That last one is a consolidation of all four types, and that's my theory. Our only tool here is The Story. If you're an observant Jew in Israel, everything boils down to the Jewish Story. If you're a non-observant Jew in Israel, everything boils down to the Zionist Story. If you're a non-Jew living in Israel, you have a second-class citizen story or a technical account. Almost all Israeli explanations are stories or occasionally technical accounts. Either because the country is so young, or because it's so tribal, or maybe because it's so post-modern, conventions, laws, and codes - where they exist at all - are turned into stories.

As for the Palestinian Story, it's so intimately connected to the Zionist Story as a negation that I don't think Israelis and Palestinians will be able to get along without war until we can find a way to combine our stories. Two States with a Single Story: is it possible? The immigrant problems in Europe and North America can be explained as: immigrants won't give up their Story.

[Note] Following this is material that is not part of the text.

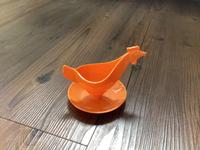 DDR Eierbecher Huhn Orange *NEU* Sachsen - Ehrenfriedersdorf Vorschau
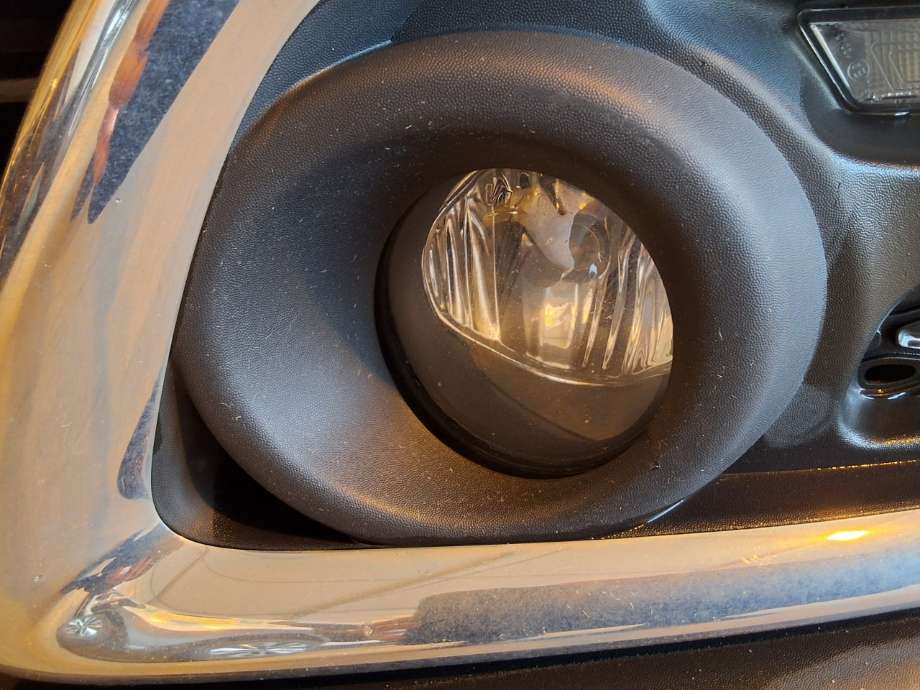 Tåkelykt venstre foran til Renault Captur, 2013-2020 (Type I)  (RENAULT|)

Who said Life is Not a Novel? Prediction: In the Global Village, all we'll have is blogs and science.

6 comments:

goldenlucyd said...

Wow, Savta!
That's a lot to think about! Pretty profound. I certainly appreciated your observation re the Israeli/Palestinian situation. tChauvanistic tribal mythology is a real fly-in-the-ointment. I'm going to think about this a lot more. Great-thought-provoking post.
lucyd

Fred said...

Indeed, that is a lot to digest. But as long as we have our blogs, there's still a chance...

John said...

I wonder what combination of "reasons" the Enron boys and President Frat Boy will come up with.

peripateticpolarbear said...

I think I'll need to read that book.

Savtadotty said...

glodenlucyd - I'm still trying to wrap my brain around this stuff.

fred - Welcome back! I should think a history teacher would find this theory most interesting.

john - Probably the real story is, "We thought we were smart enough to get away with it."

ppb - So will I (!)

Julie said...

GREAT post, Savta. I'll be thinking about this for a long time. Thank you.